Entries supplied START

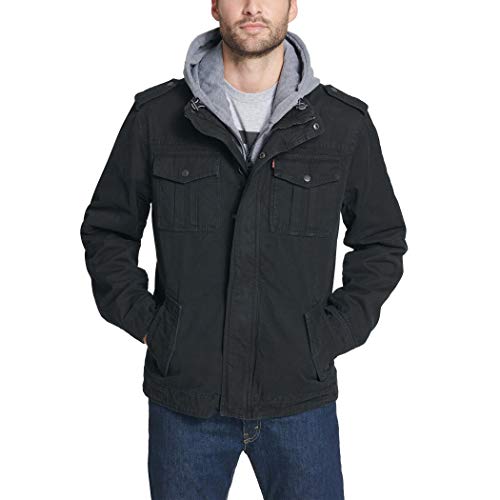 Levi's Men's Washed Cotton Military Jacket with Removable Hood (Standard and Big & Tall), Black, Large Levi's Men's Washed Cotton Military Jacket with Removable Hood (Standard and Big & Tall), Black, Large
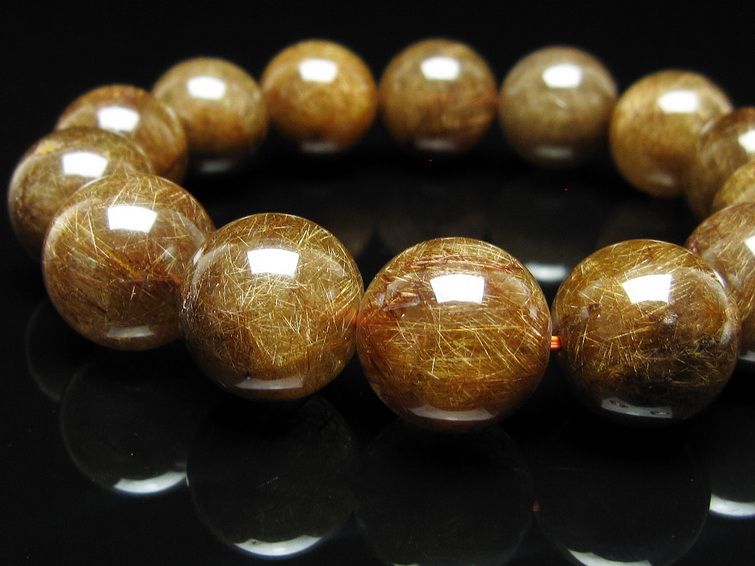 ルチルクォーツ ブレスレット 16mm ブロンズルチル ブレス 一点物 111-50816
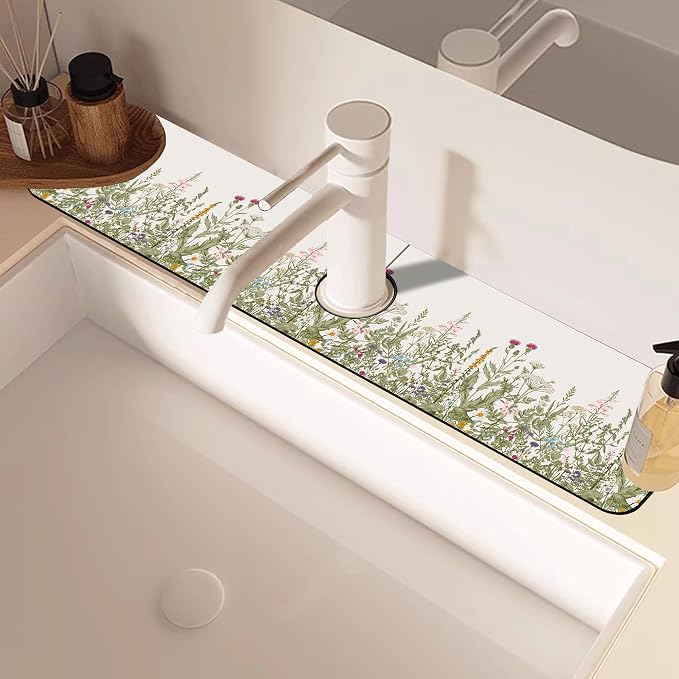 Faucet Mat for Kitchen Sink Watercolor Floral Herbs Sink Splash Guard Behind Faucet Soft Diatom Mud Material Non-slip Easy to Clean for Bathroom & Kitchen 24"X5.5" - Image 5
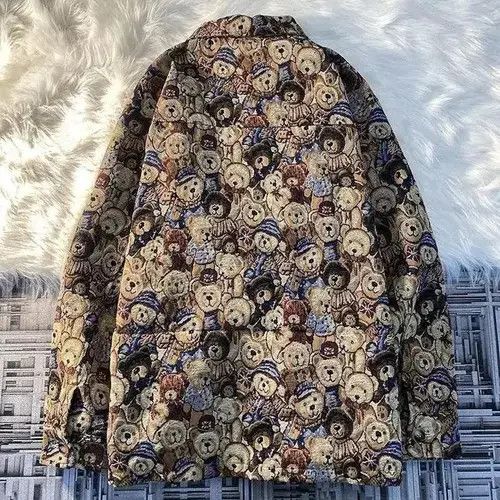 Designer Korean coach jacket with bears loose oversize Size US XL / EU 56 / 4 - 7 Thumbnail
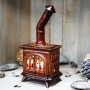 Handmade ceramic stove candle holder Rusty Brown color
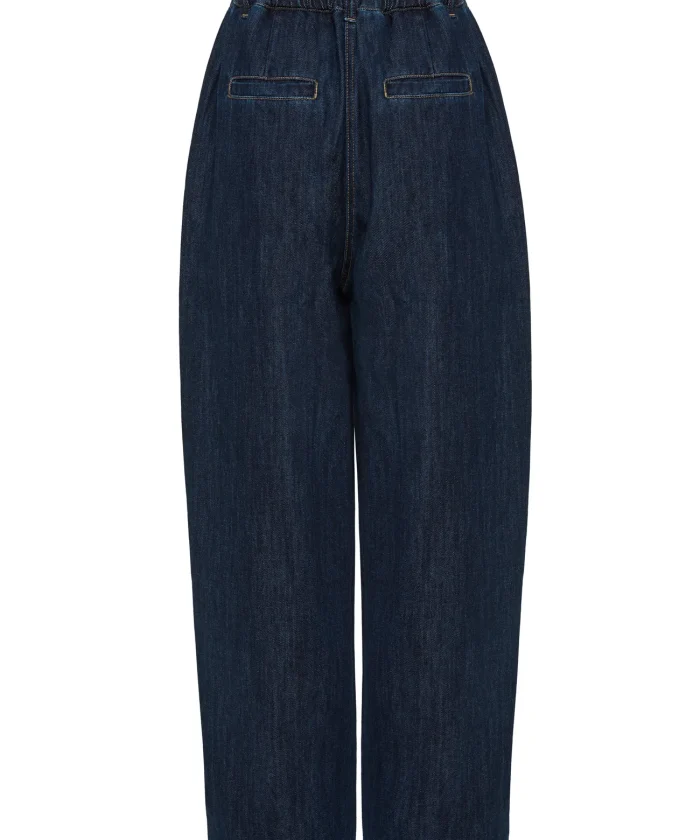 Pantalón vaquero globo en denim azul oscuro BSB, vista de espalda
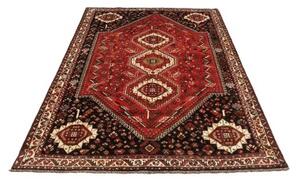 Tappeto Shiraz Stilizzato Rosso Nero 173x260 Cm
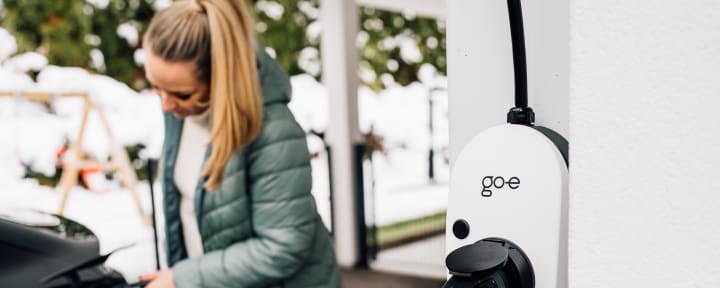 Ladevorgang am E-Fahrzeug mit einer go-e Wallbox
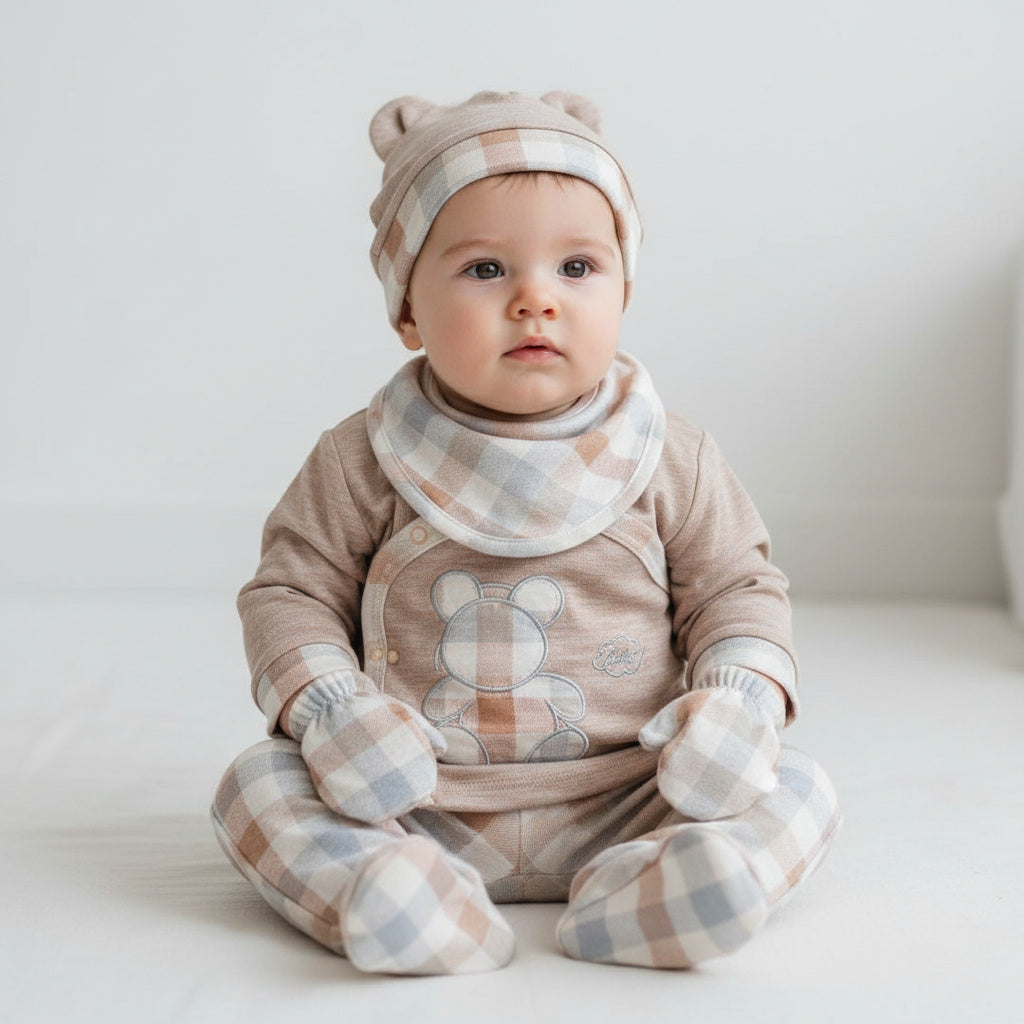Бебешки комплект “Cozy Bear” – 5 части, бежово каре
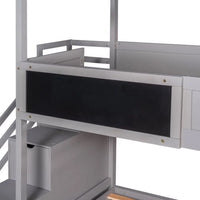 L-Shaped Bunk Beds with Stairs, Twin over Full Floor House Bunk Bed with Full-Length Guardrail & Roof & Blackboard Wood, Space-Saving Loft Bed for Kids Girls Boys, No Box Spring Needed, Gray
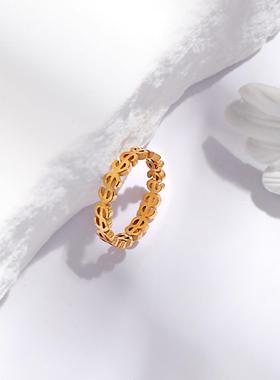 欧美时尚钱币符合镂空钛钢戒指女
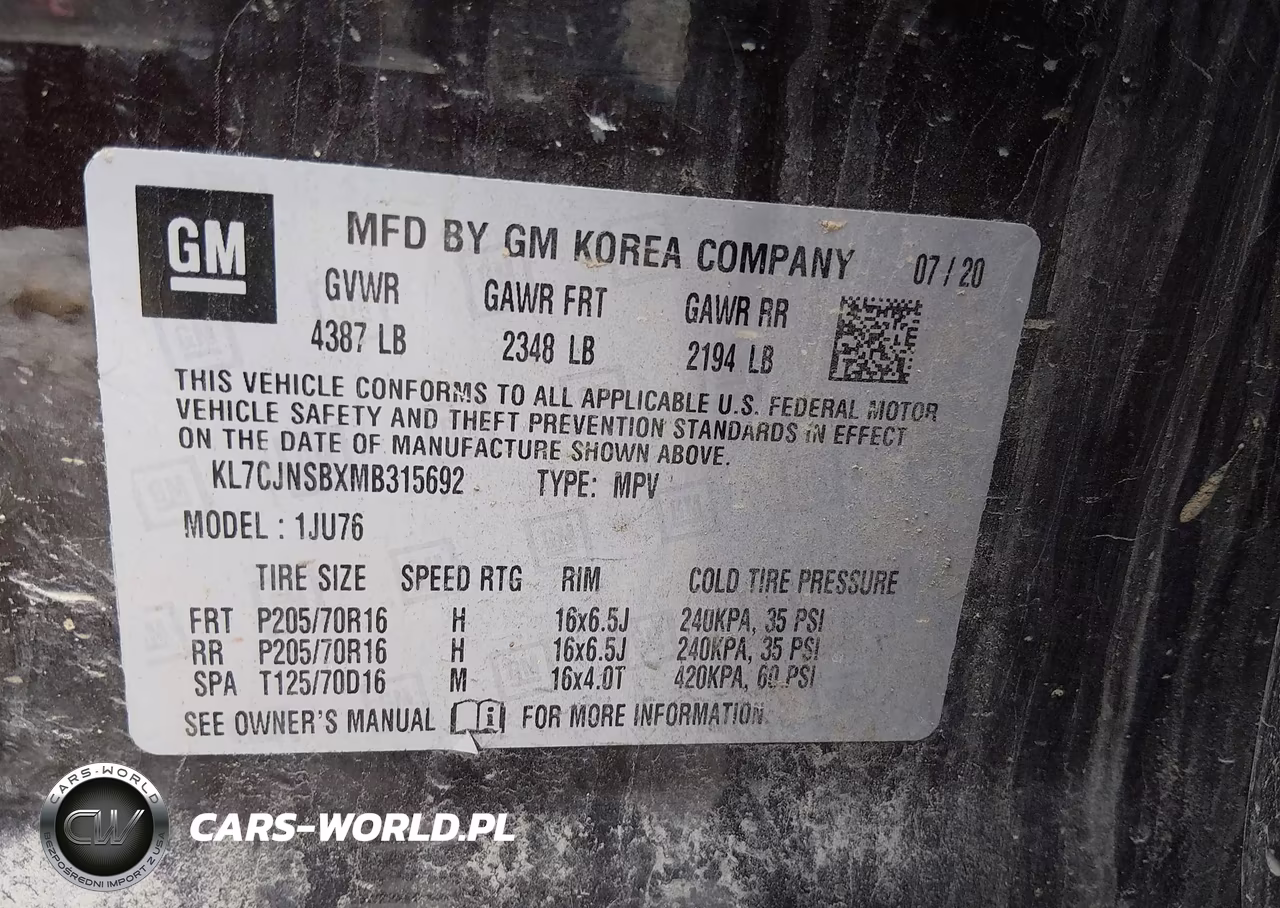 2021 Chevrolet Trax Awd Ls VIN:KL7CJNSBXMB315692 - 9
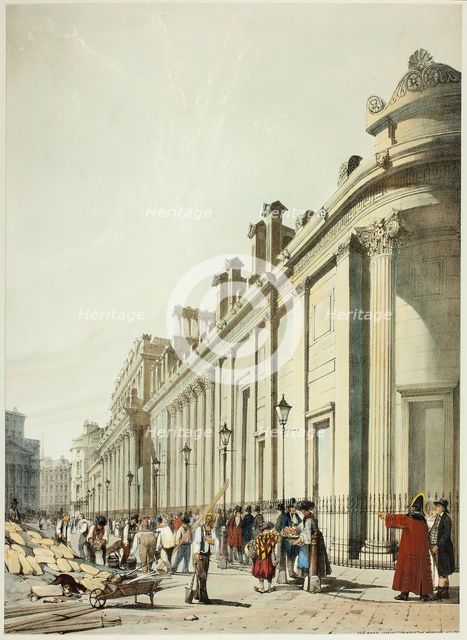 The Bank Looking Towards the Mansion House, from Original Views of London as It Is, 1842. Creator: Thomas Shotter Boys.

Entries supplied END

__Work task__. All entries must be output unchanged, with every picture omitted.

__Task solution__.
 Levi's Men's Washed Cotton Military Jacket with Removable Hood (Standard and Big & Tall), Black, Large Levi's Men's Washed Cotton Military Jacket with Removable Hood (Standard and Big & Tall), Black, Large
 ルチルクォーツ ブレスレット 16mm ブロンズルチル ブレス 一点物 111-50816
 Faucet Mat for Kitchen Sink Watercolor Floral Herbs Sink Splash Guard Behind Faucet Soft Diatom Mud Material Non-slip Easy to Clean for Bathroom & Kitchen 24"X5.5" - Image 5
 Designer Korean coach jacket with bears loose oversize Size US XL / EU 56 / 4 - 7 Thumbnail
 Handmade ceramic stove candle holder Rusty Brown color
 Pantalón vaquero globo en denim azul oscuro BSB, vista de espalda
 Tappeto Shiraz Stilizzato Rosso Nero 173x260 Cm
 Ladevorgang am E-Fahrzeug mit einer go-e Wallbox
Бебешки комплект “Cozy Bear” – 5 части, бежово каре
 L-Shaped Bunk Beds with Stairs, Twin over Full Floor House Bunk Bed with Full-Length Guardrail & Roof & Blackboard Wood, Space-Saving Loft Bed for Kids Girls Boys, No Box Spring Needed, Gray
 欧美时尚钱币符合镂空钛钢戒指女
 2021 Chevrolet Trax Awd Ls VIN:KL7CJNSBXMB315692 - 9
 The Bank Looking Towards the Mansion House, from Original Views of London as It Is, 1842. Creator: Thomas Shotter Boys.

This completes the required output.